Acabei de ler a postagem do Shauan Bencks sobre o livro do Arthur Simões, o Mundo ao Lado. Me inspirei a escrever sobre ele também, por ter sentido de forma similar que também viajei junto com o Arthur.

Com a bike dentro de embarcação em Laos(retirado de www.arthursimoes.com.br, foto do autor)

Com a bike dentro de embarcação em Laos
(retirado de http://www.arthursimoes.com.br, foto do autor)

Nessas grandes navegações que fiz na web procurando rotas, fórmulas e boas histórias de ciclistas experientes, encontrei o projeto “Pedal  na Estrada”. Em um humilde briefing sobre o projeto (muito melhor descrito pelo próprio autor aqui), indico que foi uma das coisas mais interessantes que li ultimamente, pois une diversas questões relevantes como história e geografia locais,  e também sobre a saúde, focando em doenças como AIDS, Hepatite. Através do intercâmbio cultural e no compartilhamento dessas experiências, a idéia era tornar esse projeto um veículo para educação (sim, produção de material) sobre outros mundos além do nosso.

E tudo isso feito com a companheira bicicleta.

Capa de “O mundo ao lado”

Com 3 anos e dois meses através de 46 países, penso que o livro já seja um convite em si, mas minha experiência com ele foi um tanto maior que o ganho informativo prático sobre questões de segurança, transporte, finanças e até traquejo social necessários a um cicloviajante.  Me trouxe reflexões pessoais relevantes, como por exemplo, a postura de um viajante (e não de um turista) , ao conhecer, trocar e não agredir nos ambientes estrangeiros, que podem ter muito do que nos é mais nativo e talvez nem saibamos.

Foi enriquecedor ter contato com uma experiência tão forte e instável que é conhecer 5 continentes e uma infinidade de visões de mundo por alguém que partiu “sem janelas”. O contato com o clima, com a vida local em todas suas formas era inevitável. E, logo depois de ler eu pensei, e evitar por que? 

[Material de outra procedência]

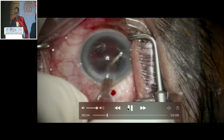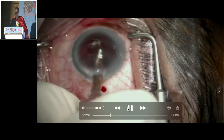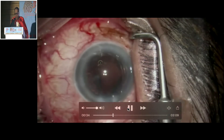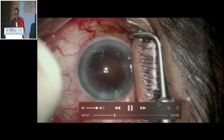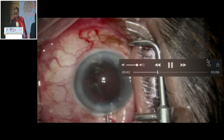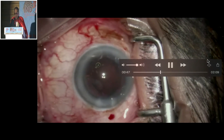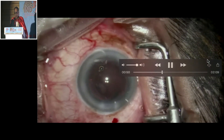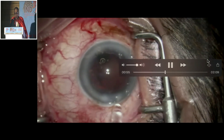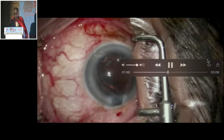Now the posterior capsule was becoming convex. There was paucity of space in the anterior chamber. I decided that enough is enough — I took it out, and you will see there is burping of visco. So there is a hard eye now. Either it is a suprachoroidal leak or there is a fluid misdirection syndrome. I think: why not put an IOL as a scaffold and see if I can proceed?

Além do livro, o site contém informações sobre o Projeto e também um diário de estrada, que aliás, recomendo muito, pois mostra os perrengues e as delícias de uma empreitada como tal. Ler o livro e tomar o diário são experiências diferenciadas, o que explicita a qualidade e a clareza da escrita do Arthur, que consegue mostrar os desafios operacionais e cotidianos ao mesmo tempo que delineia os obstáculos e suas superações internas e pessoais durante uma viagem pelo mundo e por dentro de si.

 

 

O mundo ao lado – Arthur Simões. Ed. Disal, São Paulo, 2011.